Adams no longer an MP, says Bercow

Commons Speaker John Bercow has ruled that Gerry Adams is disqualified from membership of the Westminster Parliament amid confusion over his resignation.

The Prime Minister told MPs earlier that the Sinn Fein president had "accepted" an office of profit under the Crown, in line with parliamentary protocols.

But Mr Adams later said: "I simply resigned. I was not consulted nor was I asked to accept such an office. I am an Irish republican. I have had no truck whatsoever with these antiquated and quite bizarre aspects of the British parliamentary system."

Following a point of order from Labour's Thomas Docherty in the Commons, Mr Bercow said: "I can inform the House that I have received formal notification from the Chancellor of the Exchequer that Gerard Adams has been appointed to be Steward and Bailiff of the Manor of Northstead."

The Speaker said that under the Disqualification Act 1975, Mr Adams was "therefore disqualified from membership of the House".

Mr Bercow's comments were greeted with cheers from backbenchers across the chamber.

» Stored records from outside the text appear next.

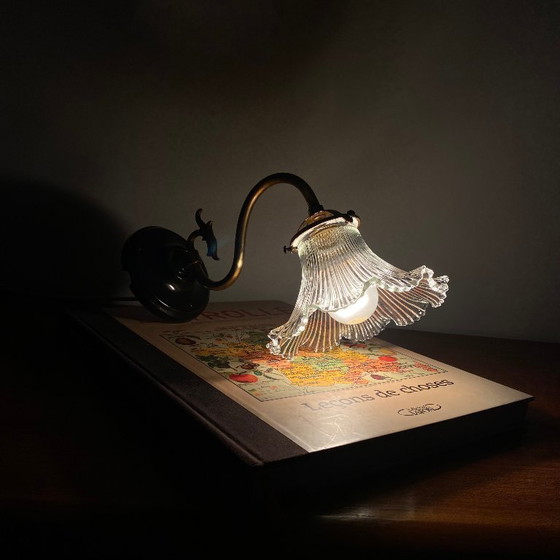 Image 1 of Lámpara de pared de cuello de cisne de latón con pantalla de tulipa de cristal acanalado transparente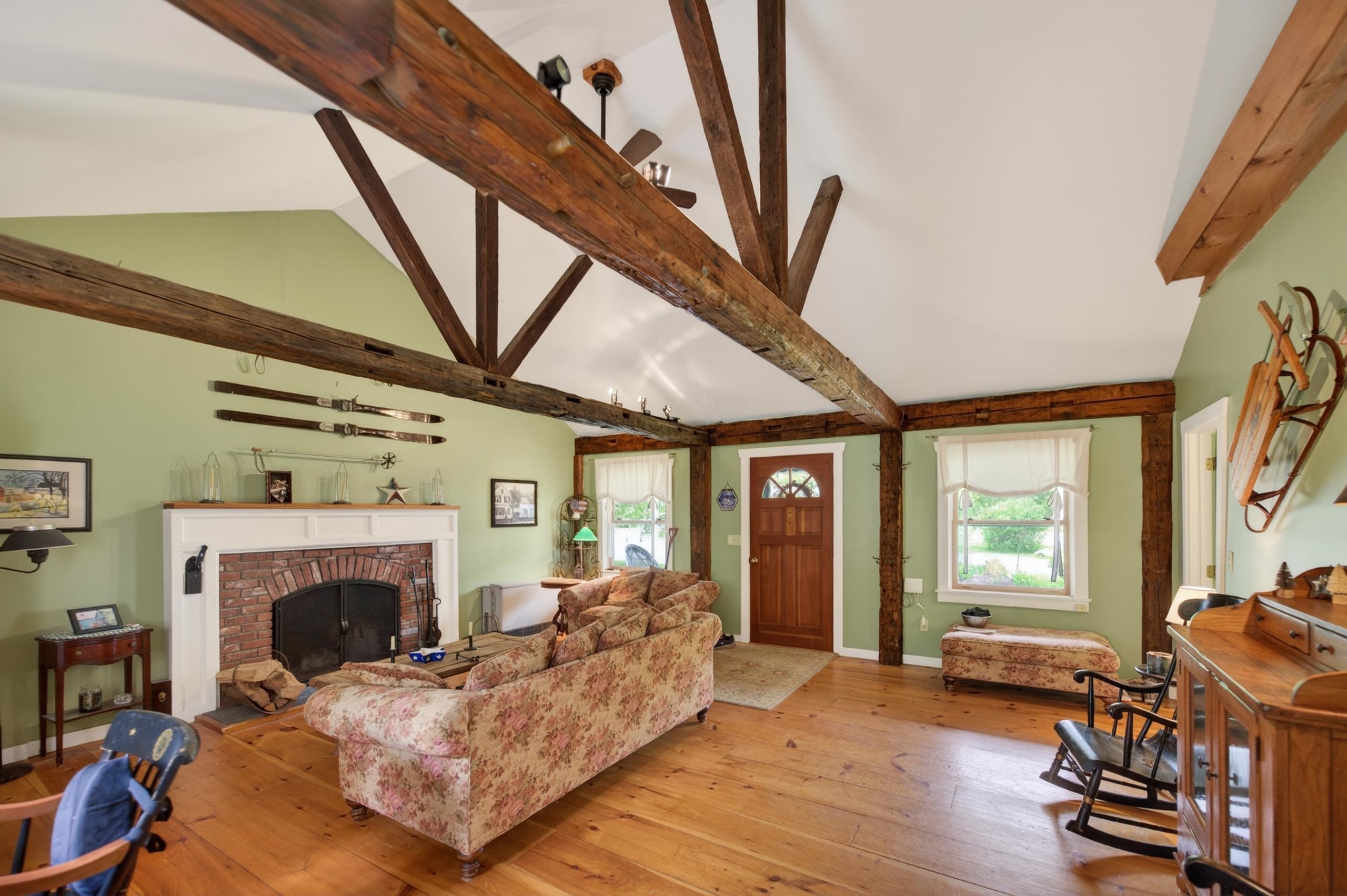 34 Main Street Wardsboro, VT 05355 - Photo 4 of 29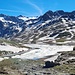 <b>Il Lago Bianco (2606 m), in fase di disgelo, rende onore al proprio nome. Grazie agli ambientalisti, questo stupendo laghetto, situato nel cuore del Parco Nazionale dello Stelvio, un paio di mesi fa è stato salvato dal progetto speculativo, del gruppo di imprenditori che volevano trasformarlo in un bacino, per poi convogliare le sue acque fino a Valfurva e preparare neve artificiale per le piste di sci di fondo. </b>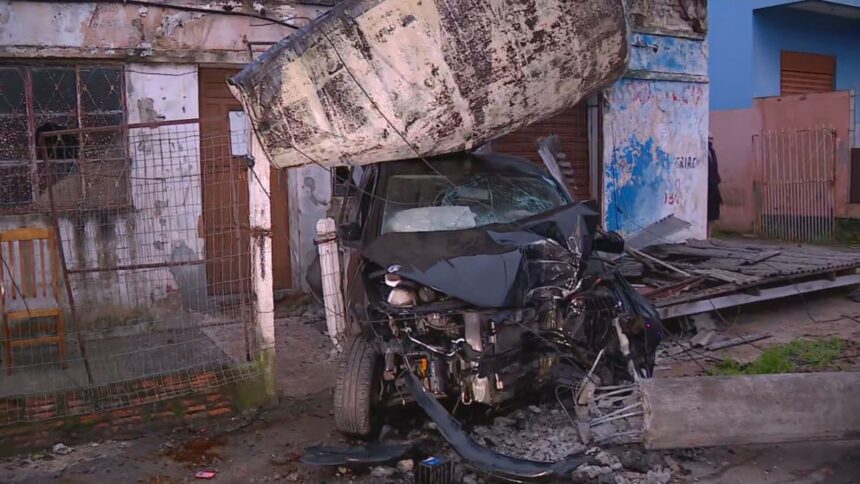 carro-bate-em-poste,-invade-casa-e-uma-mulher-fica-ferida-em-canoas-|-g1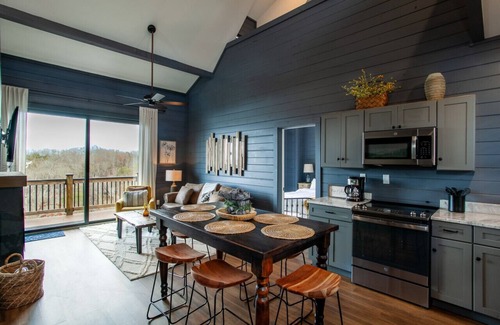 Sevierville Cabin | Chalet Amelia -Lake View+HotTub+Fireplace+Arcade!
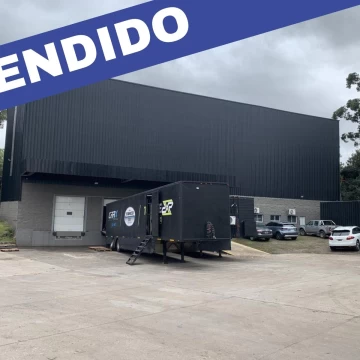Excelente establecimiento Logístico de 4700 m2 cub en Garín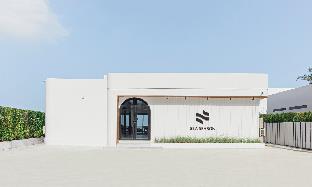 sea season pool villa pattaya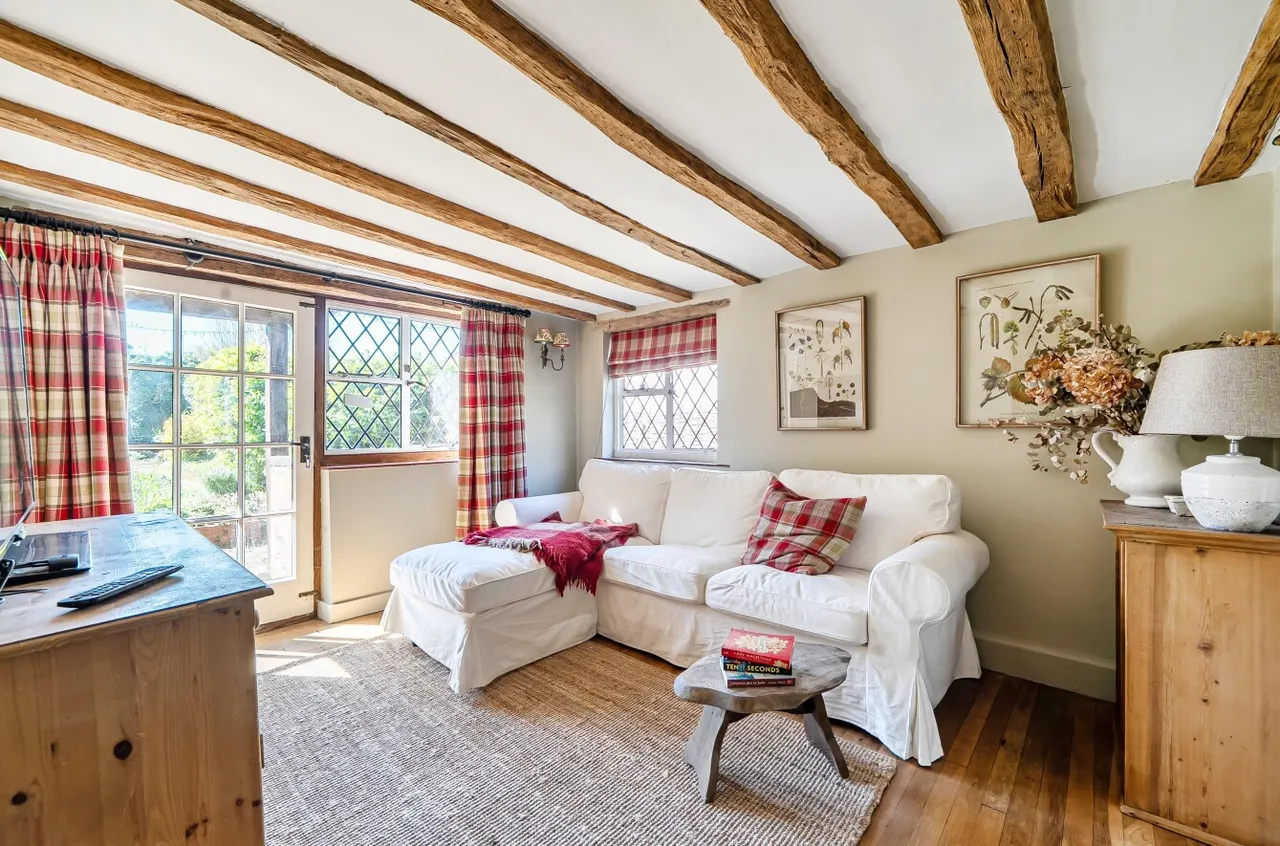 Haslemere Road, Brook, GU8, photo 8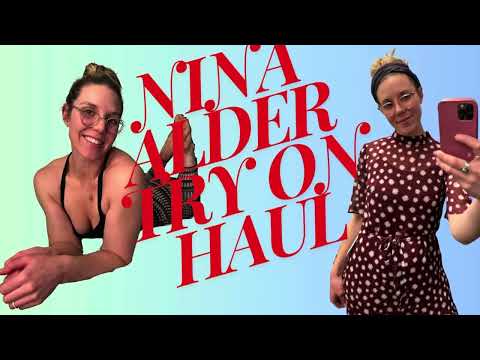 Nina Alder – Booty Short Try On Haul (August 2024)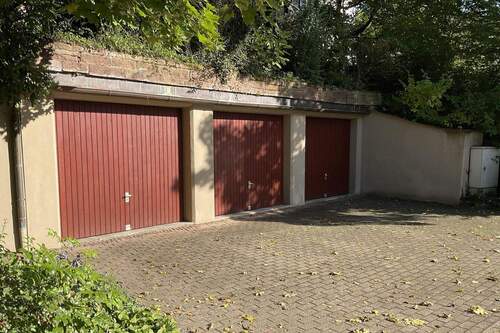 Garageneinfahrt - 8 Zimmer Mehrfamilienhaus, Wohnhaus zum Kaufen in Stuttgart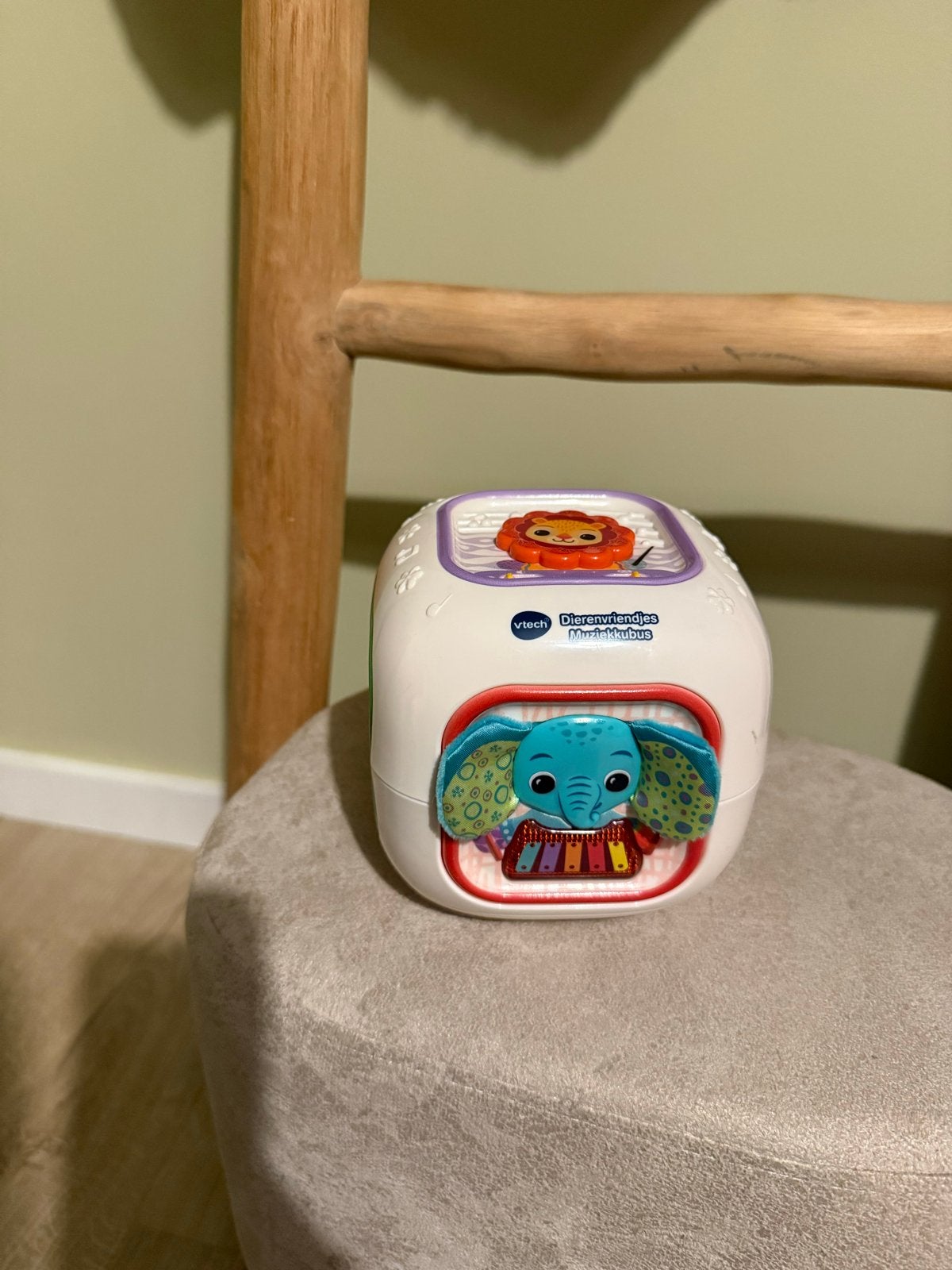 VTech Dierenkubus met geluid en licht, Ophalen of Verzenden, Zo goed als nieuw, Overige typen, Met licht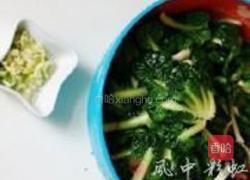 蒜蓉乌塌菜的做法图解1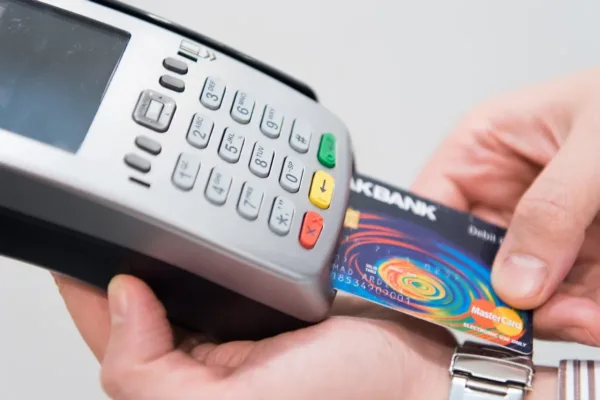 Syria Restores Credit Card Payments in Bid to Reintegrate into Global Financial System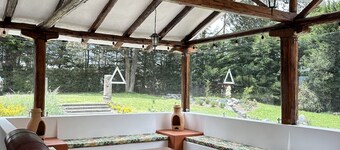 Cozy mountain retreat, great BBQ area! Pet friendly 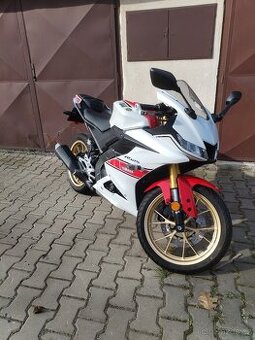 🏍️ Yamaha YZF-R125 60th Anniversary (2021) – ČR, 14 000 km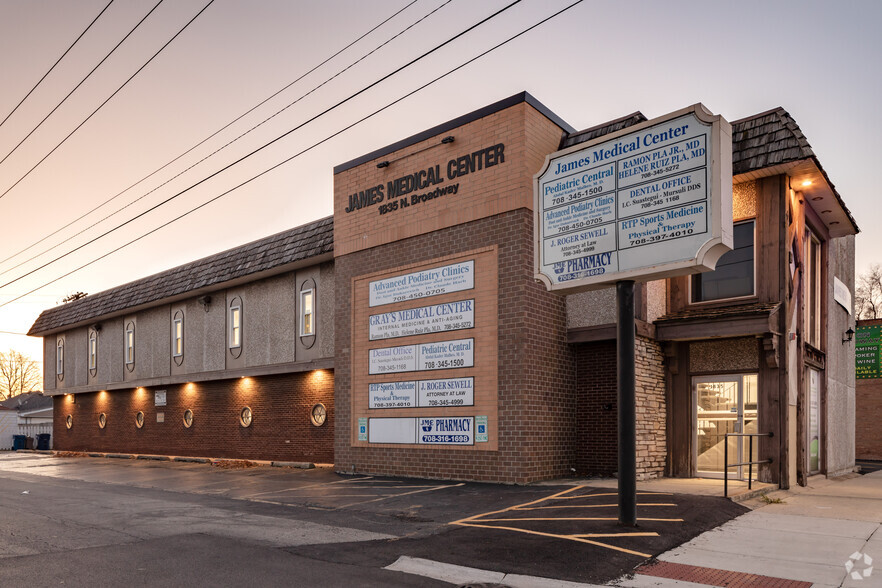 1835 N 19th Ave, Melrose Park, IL for rent - Primary Photo - Image 1 of 87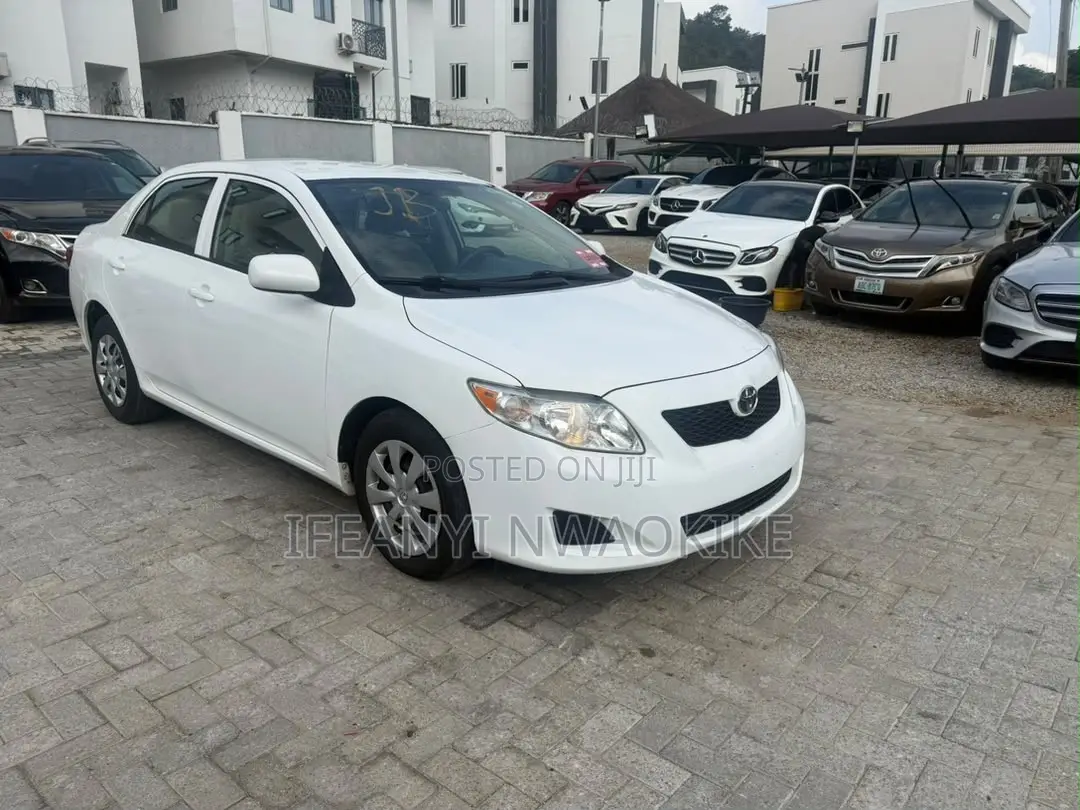 Toyota Corolla LE 4dr Sedan (1.8L 4cyl 4A) 2010 White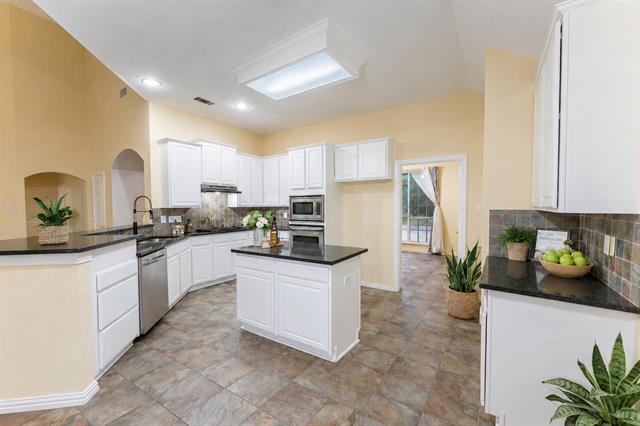 Building Photo - 672 Channel Ridge Dr
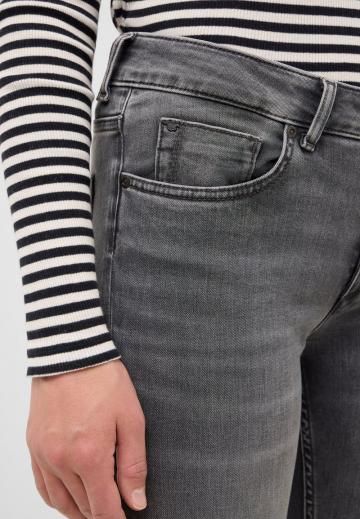 Клешеные брюки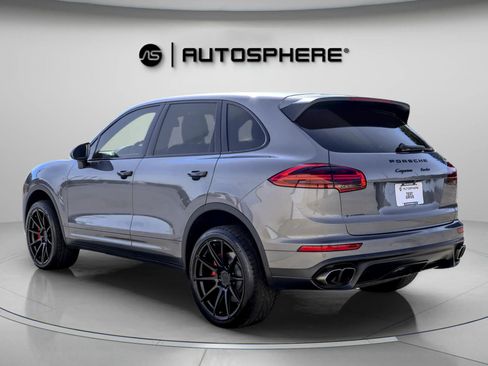 Used 2016 Porsche Cayenne Turbo image 7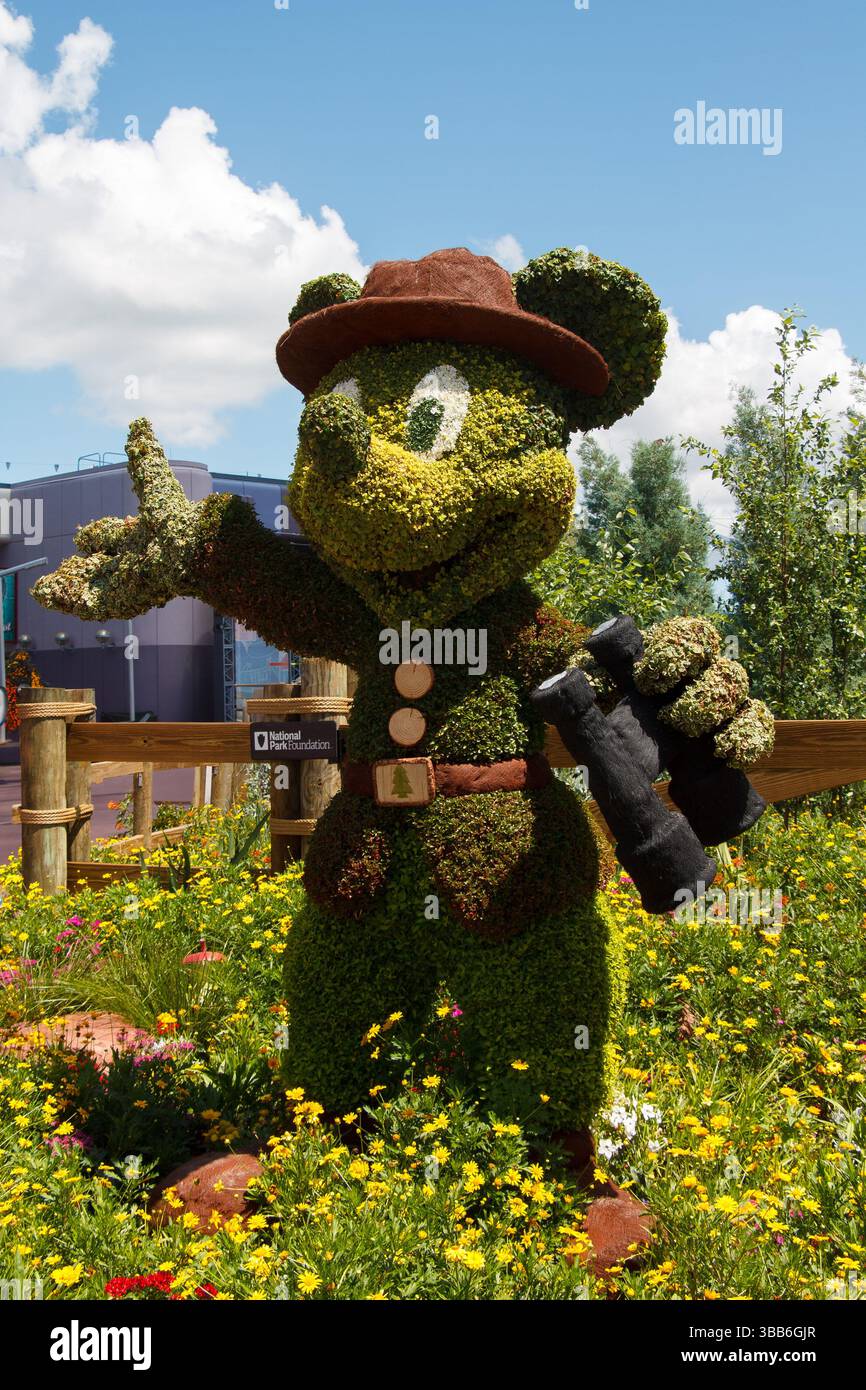 The Bear cartoon character at the flower and garden topiary festival ...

An MP can only resign by accepting one of the symbolic offices of profit of Steward or Bailiff of Her Majesty's three Chiltern Hundreds of Stoke, Desborough and Burnham, or of the Manor of Northstead. Erskine May, an influential text that acts as a rule book for parliamentarians, states that: "It is a settled principle of parliamentary law that a Member, after he is duly chosen, cannot relinquish his seat; and, in order to evade this restriction, a Member who wishes to retire accepts office under the Crown which legally vacates his seat and obliges the House to order a new writ."

Mr Bercow said: "Erskine May describes the course of events in cases in the past but, as I have ruled, the law is clear. Appointment to one of the two offices I have referred to under section four of the Act results in disqualification."

Mr Docherty said the Prime Minister had inadvertently misled the House with his remarks during Commons question time.

Commons Leader Sir George Young suggested that the Prime Minister should not have used the word "accepted" and instead said "is being appointed". Sir George told MPs: "Of course my Right Hon friend (Mr Cameron) would never intentionally mislead the House."